Paul Painlevé a probablement une vie trop dense, trop riche, trop difficile à cerner – ce que reflète d’ailleurs parfaitement cet ouvrage – pour que son souvenir puisse être aisément conservé. Antithèse parfaite de Georges Clémenceau, qui lui succède d’ailleurs à la présidence du Conseil, son souvenir pâtit certainement de l’ombre du Tigre. De plus, il est probable que sa proximité avec Pétain constitue après la Seconde Guerre mondiale un écueil difficilement contournable alors que les nostalgiques de Vichy s’emparent de la figure du « Vainqueur de Verdun » pour faire oublier la Révolution nationale, la collaboration et le renoncement aux idéaux républicains.

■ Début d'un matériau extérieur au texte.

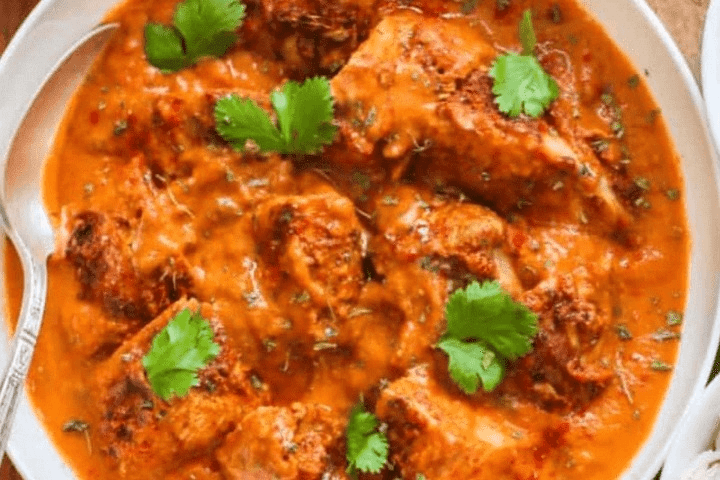Fish Tikka Masala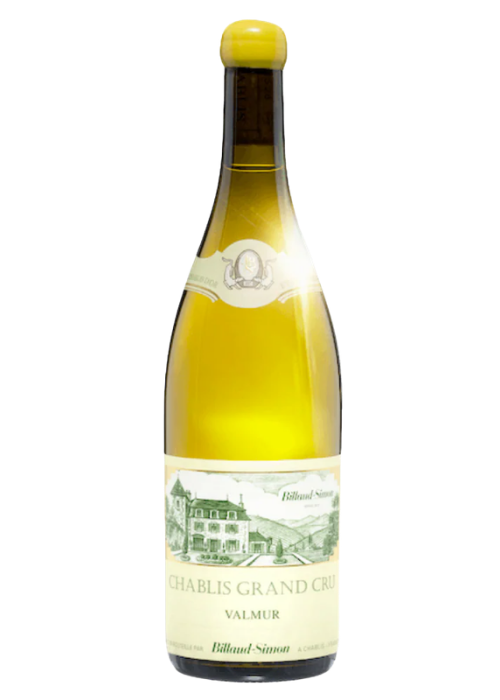 Billaud Simon Chablis Grand Cru Valmur 2023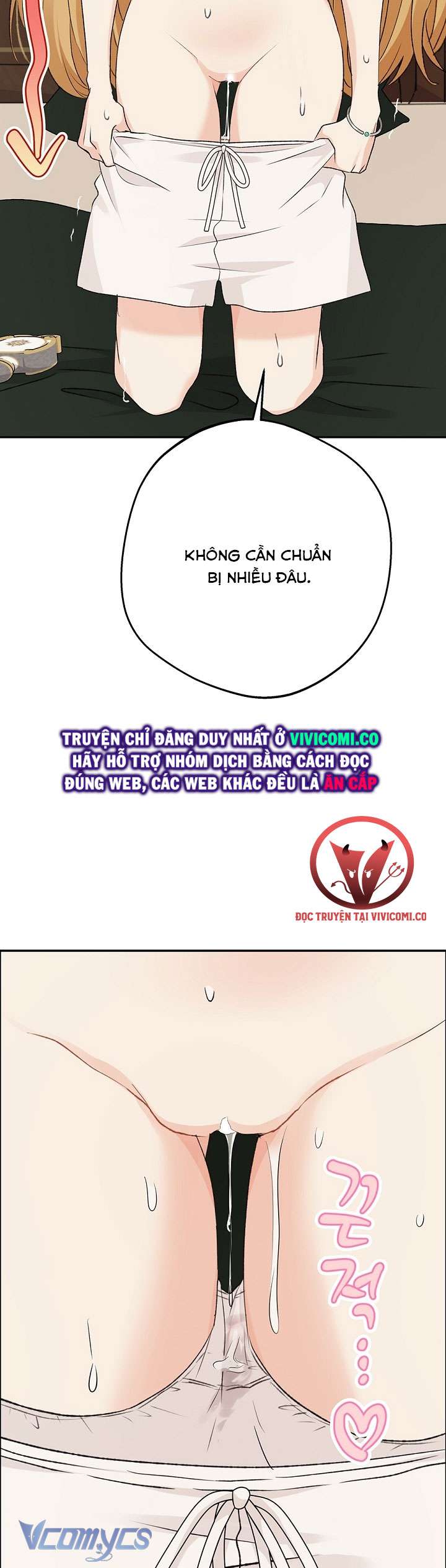 [18+] Yêu Tinh Giao Phối Chap 42 - Trang 2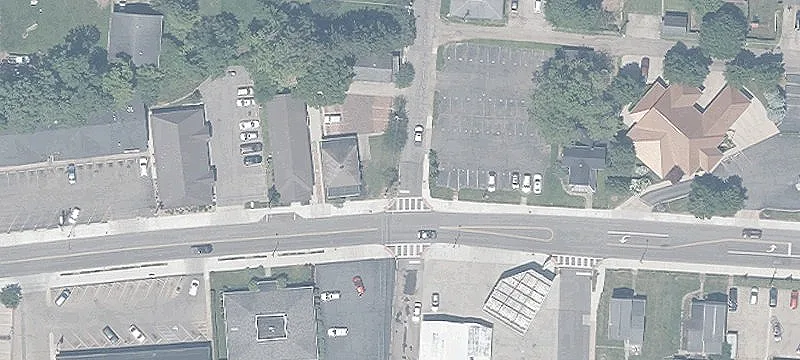 Stimson W Ave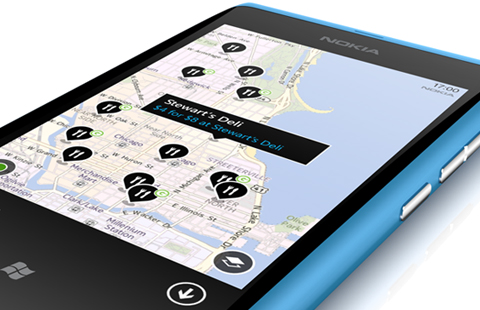 Uber, Facebook i BMW wśród zainteresowanych zakupem biznesu mapowego Nokii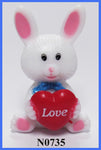 Rabbit w/ Heart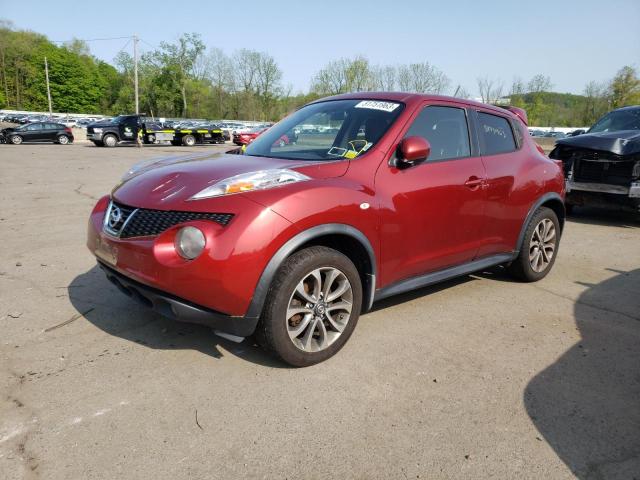 NISSAN JUKE S 2011 with VIN JN8AF5MV5BT013094 - Photo from auction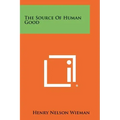 The Source Of Human Good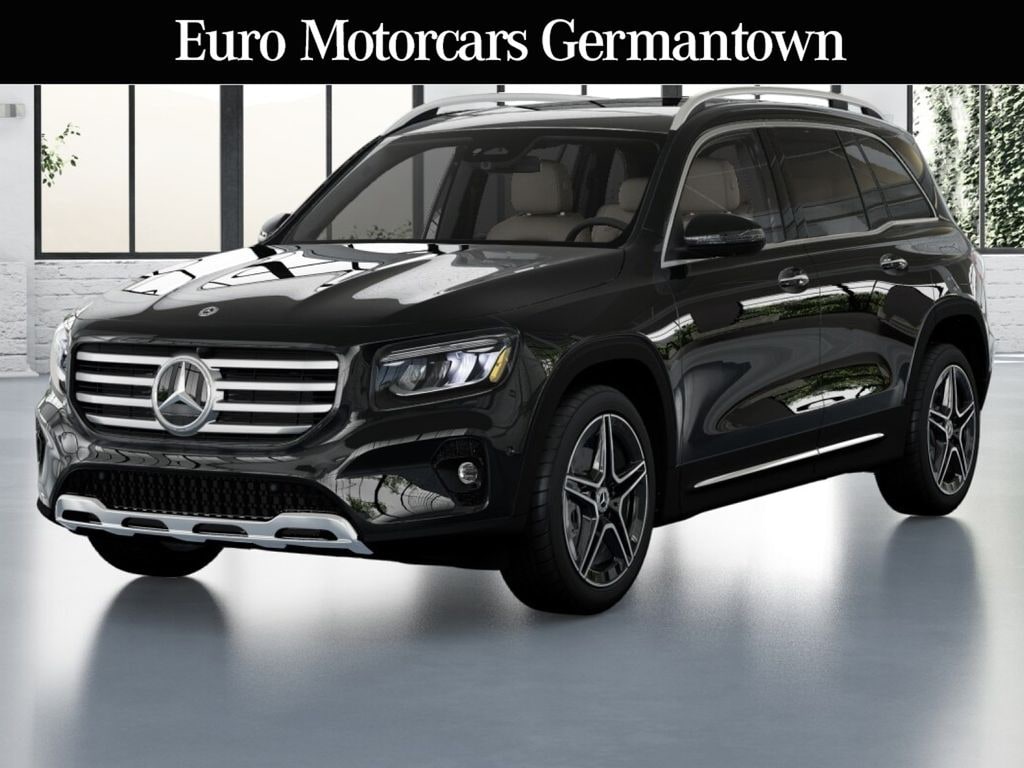 New 2026 Mercedes-Benz GLB GLB 250 4MATIC SUV SUV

De même, il est probable que son engagement en faveur de la ligne Maginot (p. 363-366), sa sévère répression de la révolte du Rif, qui ne prend jamais à ses yeux l’aspect d’un mouvement de libération nationale (p. 336-338), ou encore le fait qu’il offre à Pierre Laval sa première expérience ministérielle, alors que celui-ci était encore un homme de gauche, ne plaident probablement pas en faveur de la propagation du souvenir de ce grand homme.

Au final, on ne peut que conseiller la lecture de cet excellent ouvrage qui, entre autres mérites, permet de suivre les tractations politiques pendant la Première Guerre mondiale, manœuvres qui confirment que rapidement l’Union sacrée cesse d’être autre chose qu’une posture. Pour autant, on ne nous enlèvera pas de l’idée que le dossier Painlevé est loin d’être clos. Non pas que la biographie d’A.-L. Anizan ne soit pas un travail de grande valeur – bien au contraire – mais il nous semble que le sujet même de cette étude est tellement vaste qu’un seul ouvrage, aussi brillant soit-il, ne peut en faire le tour. En cela, Paul Painlevé est bien un homme extraordinaire.

Erwan LE GALL

ANIZAN, Anne-Laure, Paul Painlevé, Science et politique de la Belle Epoque aux années trente, Rennes, Presses universitaires de Rennes, 2012.